Ein richtiger Hansel fliegt THAI. Lasst euch dies mal gesagt sein, jawohl !!!!

----------

Und falsche Hansel LTU oder LH ?

René

----------


## Hua Hin

Hi Joseph

http://www.aero.de/news.php?varnewsid=4657

Das Reisebüro kann Dir auch nicht weiterhelfen, solange MAHAN AIR
keine Informationen rauslässt.
Der gute Mann gab mir die Telefonnummer 0221 96372851 und soll sie 
nerven, ihre eigene homepage haben sie ja auch weiss gestellt.

Gruss Alex

----------


## Hua Hin

Gerade eben mail vom Reisebüro bekommen.

WICHTIGE INFO!

Die Europäische Kommission hat am 11.September 07 die Liste der
Luftfahrtunternehmen,gegen die in der EU eine Betriebsuntersagung
ergangen ist,aktualisiert.

Dem gemeinschaftsweiten Flugverbot unterliegt nunmehr auch erstmals
die iranische Mahan Air.

Uns liegen im Moment keine näheren Informationen vor,ob Ihre
gebuchten Flüge stattfinden.

Bitte setzen Sie sich diesbezüglich direkt mit Mahan Air in
Verbindung und verfolgen die aktuellen Meldungen auf der Webseite
der Mahan Air.

http://www.mahan-air.de/
-----------------------------------------------
Köln (Sales Office)
Tel.: 0180-5005300
Tel.: 0221 - 96372851
Fax: 0221 - 9637275
Email: info@mahanair.de

Düsseldorf (Airport Office)
Düsseldorf Airport
Terminal C / Office 1244
40474 Düsseldorf Flughafen
Tel.: (+49) 211 - 42171430 , 1
Fax: (+49) 211 - 42171432
Email: dusstation@mahanairlines.com
-----------------------------------------------

----------


## guenny

Phommel, wer säuft schon Bier im Flieger?
Da trinkt man in der Holzklasse besser die kurzen harten, drückt nicht so auf die Blase und man muss ncicht so oft anstehn,
in der Business ist die Toilette dagegen zwar meist frei, dafür Bier aber unter Kosten/Leistungsgesichtspunkten die schlechtere Wahl.
Ansonsten wären doch die Mahans nur unter dem Gesichtspunkt erwägenswert, dass auf die bestimmt kein Anschlag verübt wird.

----------


## Joseph

Heute morgen fand ich ein Fax meines Reisebüros vor, es gebe mit Mahan Air Probleme, ich solle mich sofort mit ihnen in Verbindung setzen. Bin dann sogleich hingefahren...sieht düster aus...Nix Genaues weiß man nicht...
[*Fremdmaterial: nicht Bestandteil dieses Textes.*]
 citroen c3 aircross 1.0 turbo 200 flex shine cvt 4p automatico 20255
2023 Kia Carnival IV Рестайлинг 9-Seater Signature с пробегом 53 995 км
Aber: Das Reisebüro meinte, die Gesellschaft müsse die gezahlten Preise ersetzen, allerdings wenn das wirklich geschehe, dann nicht vor meinem geplanten Abflug...das dauere grundsätzlich sehr lange...Man meinte, da die Gesellschaft nicht insolvent sei, müsse man davon ausgehen, dass das Geld ersetzt werde,  nur das "Wann" sei nicht bekannt...
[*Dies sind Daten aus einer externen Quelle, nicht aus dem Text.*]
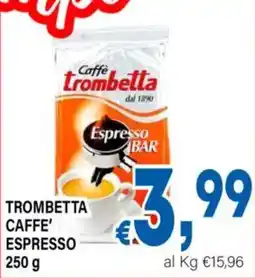 DEM Caffè Trombetta Espresso offerta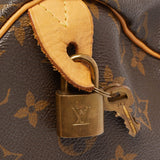 LOUIS VUITTON Monogram Canvas Speedy 40 Bag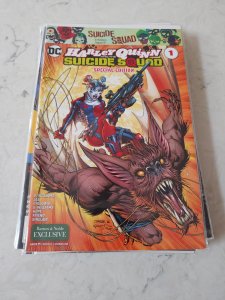 Harley Quinn & the Suicide Squad April Fools' Special #1 (2016)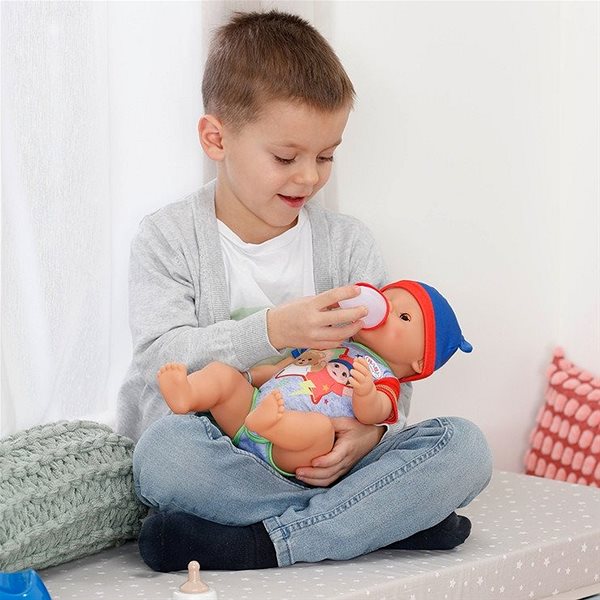 Puppe BABY born Jonas ...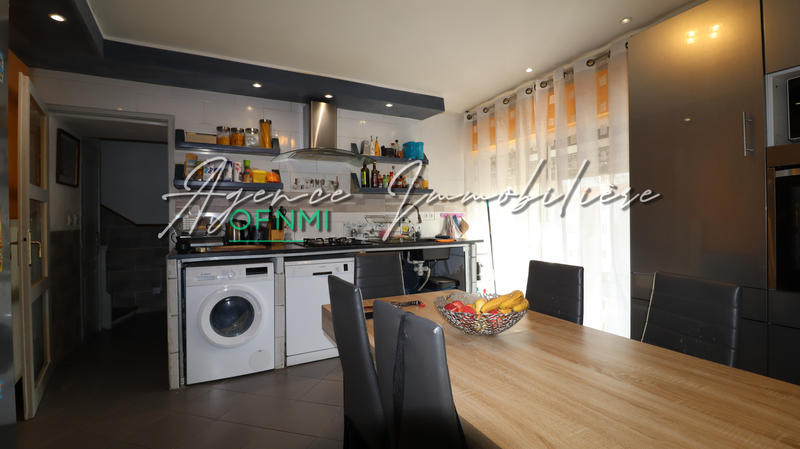 Maison de village - 91 m² - 3 pièces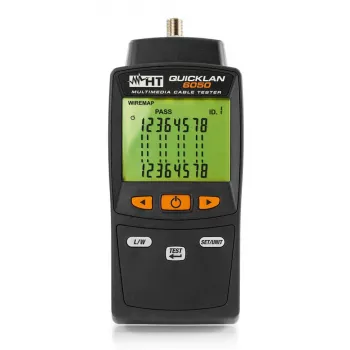HT Instruments QUICKLAN 6050 Network Cable Certifier 1004170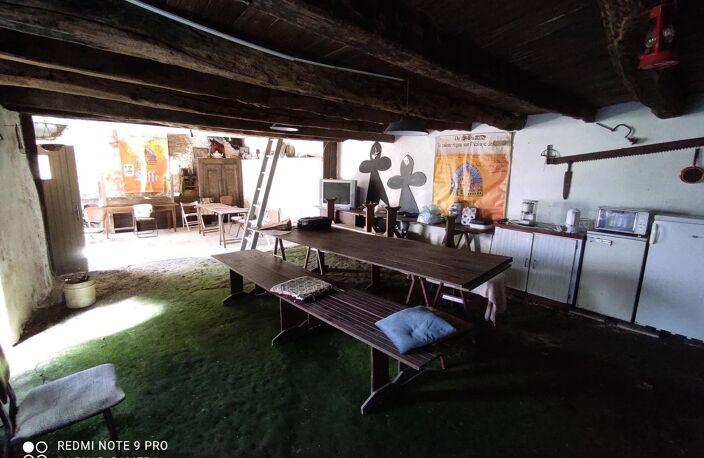 Maison de campagne à rénover dans un bel environne — photo 5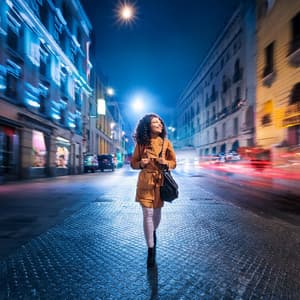 Ritmos Urbanos: Paisajes Sonoros Del Hip Hop - Música de trabajo con ritmos binaurales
In meinem Fall gibt es mehrere Möglichkeiten: ich lasse die Flüge Teheran - Bangkok und zurück bestehen und fliege nach Teheran mit einer anderen Fluggesellschaft. Das hat den Vorteil, dass man nur die Flüge bis Teheran noch bezahlen muss...(habe vergessen zu fragen, was das kostet), hat aber den Nachteil, dass man von Frankfurt aus fliegen muss und einen langen Aufenthalt in Teheran hat (auf dem Hinweg 8 Std., auf dem Rückweg 20 Std.)

Bucht man einen völlig neuen Flug, etwa mit Thai von Frankfurt aus, sind die Preise inzwischen für mein Abflugdatum sehr teuer geworden, ca. 900 Euro. Da ich für meinen Bruder mitzahle, wären das 1800 Euro...dazu kommt die Zugfahrt nach Frankfurt...
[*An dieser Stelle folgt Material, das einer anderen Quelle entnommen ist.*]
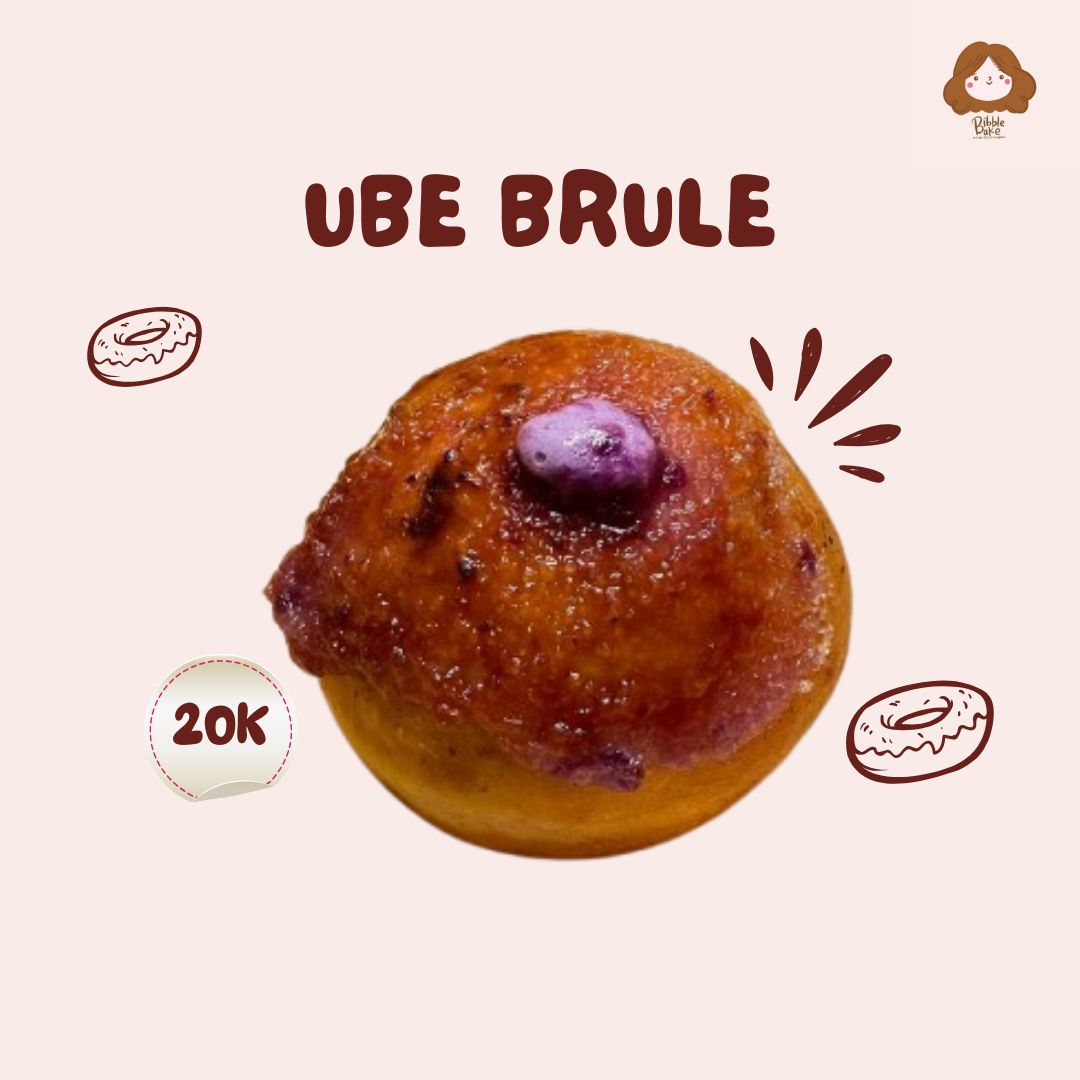 UBE BRULE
Könnte heulen...oder fluchen...oder was?

Joseph

----------


## odd

> Aber: Das Reisebüro meinte, die Gesellschaft müsse die gezahlten Preise ersetzen, allerdings wenn das wirklich geschehe, dann nicht vor meinem geplanten Abflug


Denke, dass sich das Reisebuero hier etwas einfach rausredet.
Mahan Air erhaelt Flugverbot, ob gerechtfertigt oder nicht entzieht es einem Laien die Kenntnis
und Mahan Air soll saemtliche Tickets zurueckloehnen?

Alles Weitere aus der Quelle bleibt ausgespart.